Rosie Clooney: As Good as it Gets
Date: 2000-06-12
source: New York Observer: On the Town with Rex Reed
author: Rex Reed
Rosemary Clooney singing Brazilian sambas, cool and sad, is a heat quencher that puts lemon in your lemonade. in her new act, Brazil, at Feinstein's at the REgency (through June 10), she is joined by seven ace musicians in a celebration of both the bossa nova and her new CD of the same title on Concord Jazz.
Don't expect anything familiar. "DeSafinado," one of several dreamy duets she sings with guitarist John Pizzarelli, is musically on target and full of surprises.

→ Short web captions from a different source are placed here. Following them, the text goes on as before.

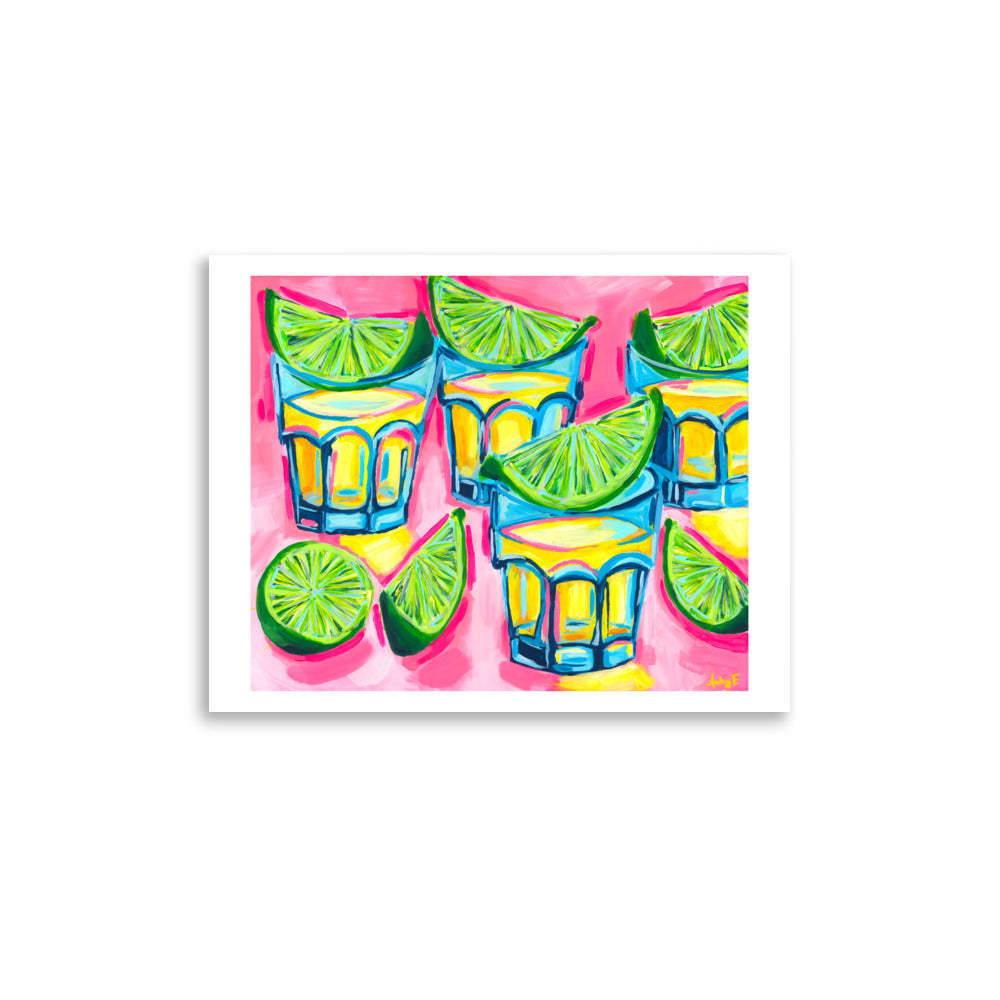 “One More Round” | Pink Tequila Shots & Limes Abstract Acrylic Cocktail Art Print 11″×14″
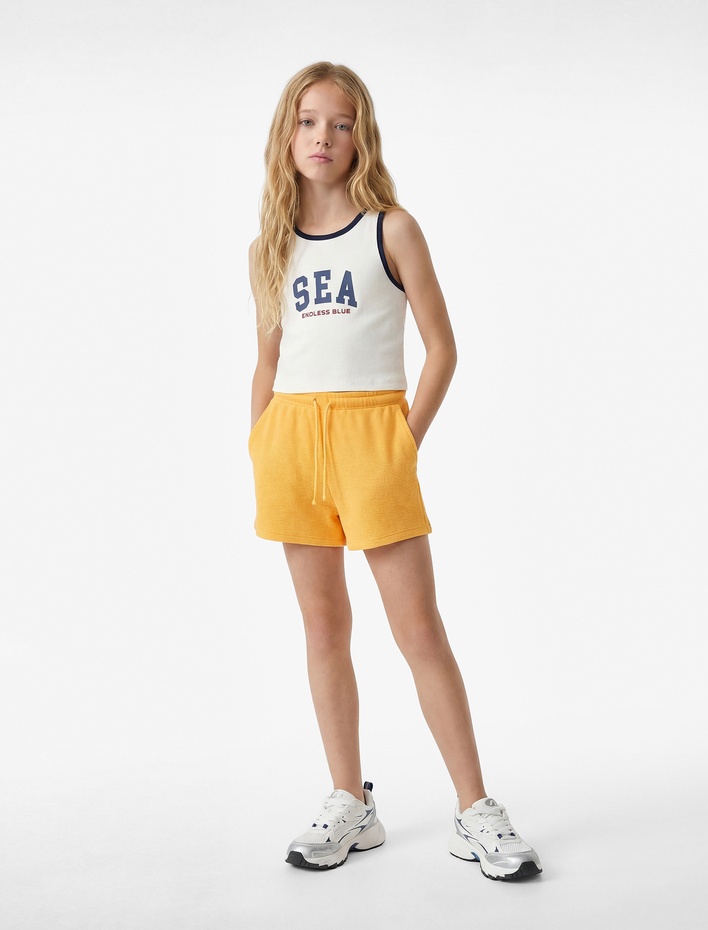 Kız Çocuk Ribanalı Kolsuz Bisiklet Yaka Pamuklu Atlet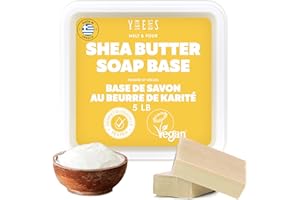 Skin Said Yes Shea Butter Soap Base - 5Lb Melt and Pour Soap Making Supplies with Organic Shea Butter - No Palm Oil, Vegan, Antioxidant-Rich and Gentle on the Skin - Crafting Recipe Book Included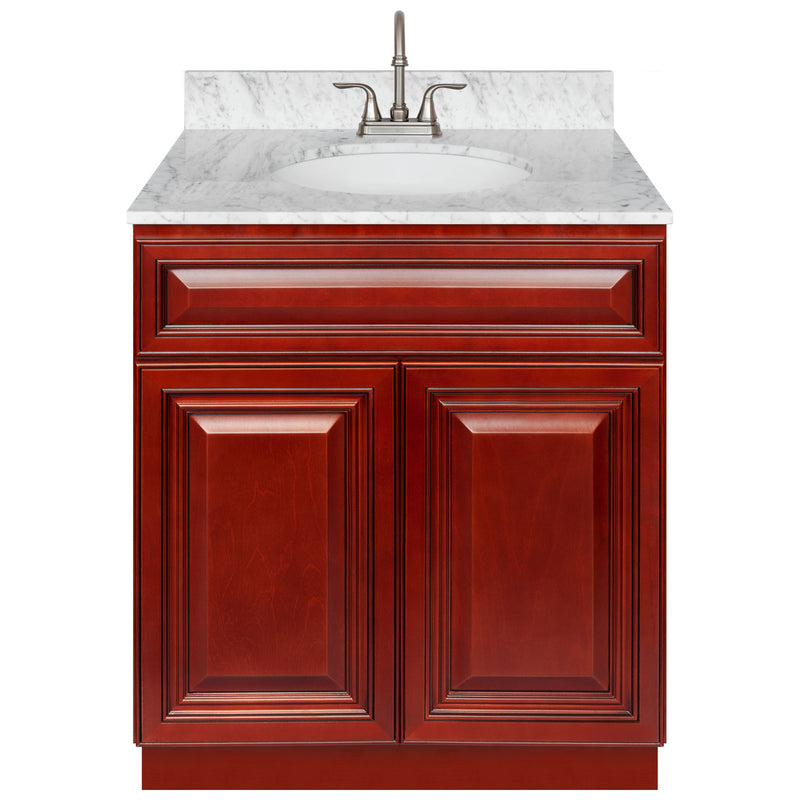 Cherry Bathroom Vanity 30", Cara White Marble Top, Faucet LB6B CW314-30CH-6B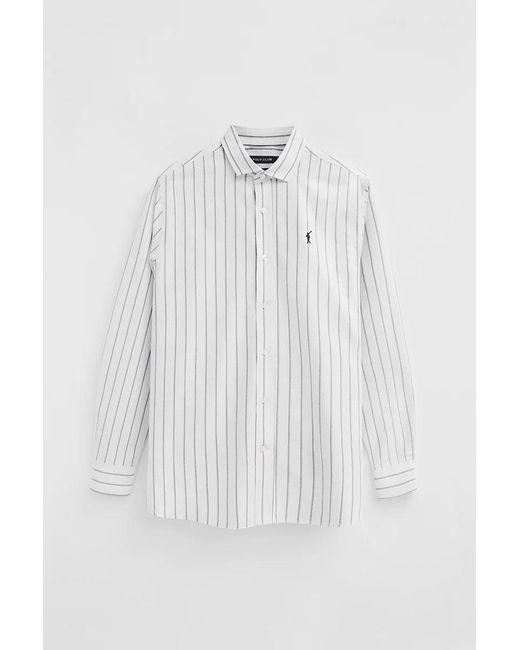 Camicia A Righe Ecrù E Blu Marino Con Collo Italiano, Regular Fit Con Ricamo Rigby Go di POLO CLUB in White da Uomo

Even the overexposed "One Note Samba," with John singing a warm counter melody is anything but routine. "Once I Loved," taken in her usual unique style, offers poignant lyrics taken in small doses, like sips of wine. Heavily influenced by the legendary albums Sinatra recorded with Antonio Carlos Jobim, Roske even "lifts" Frank's arrangement of "I Concentrate on You" because, she insists, "it can't be improved," then proceeds to give it her own spin. Straying from the act's theme she interpolates "I Cried For You," "Who's Sorry Now" and "Goody, Goody" into a gently swinging jam session that stops the show.

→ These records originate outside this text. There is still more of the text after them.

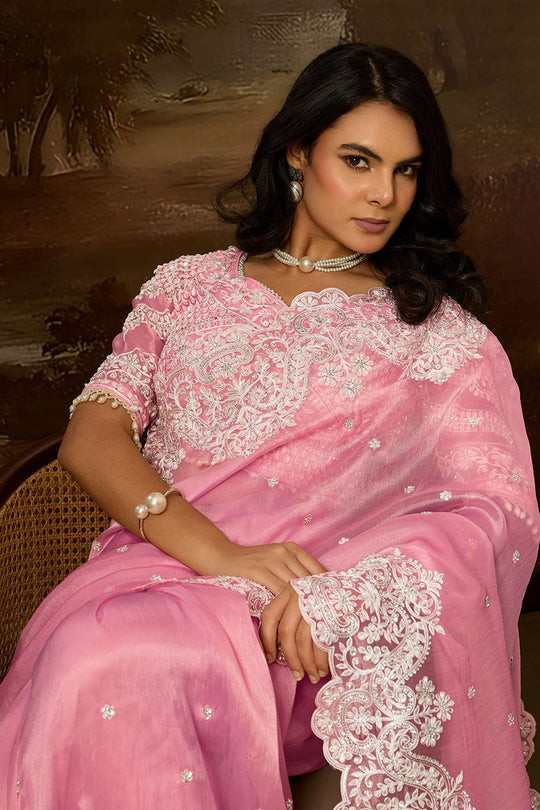 Lorna Light Pink Tissue Organza White Embroidered Ready to Wear Saree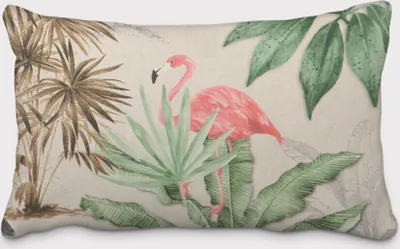 Produktbild von SCHÖNER LEBEN. Kissenhülle Outdoor Palmen Papagei Flamingo beige bunt Größe 40x60cm (HxB) 40x60cm (HxB) Größe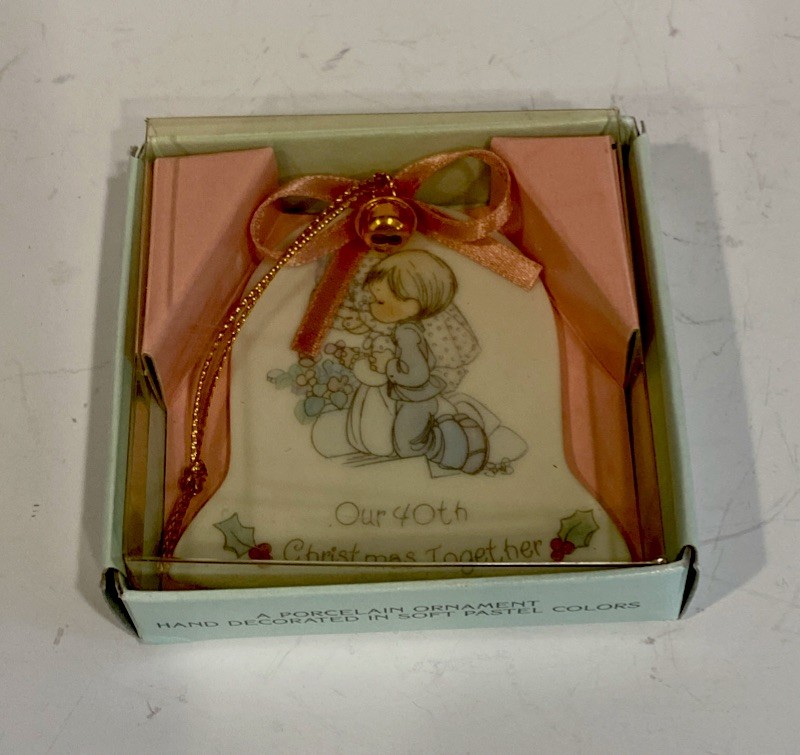 VTG Enesco Precious Moments “Our 40th Christmas Together” Porcelain Bell Ornam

On her early recordings, her voice may have been younger and springier, but the way Rosie Clooney sings today shows more of life's experience, while her short breathy line readings lend more of a jazz tempo and heartbreaking lyricism to her polished, durable style. She's probably tired of all the analysis and flattery she's getting in her autumnal years. My guess is she's jut happy to get out there and get off in one piece.
But I kid you not. This is as good as it gets, and the gratitude I feel for her uncomplicated, syncopated artistry stretches from Park Avenue to Rio.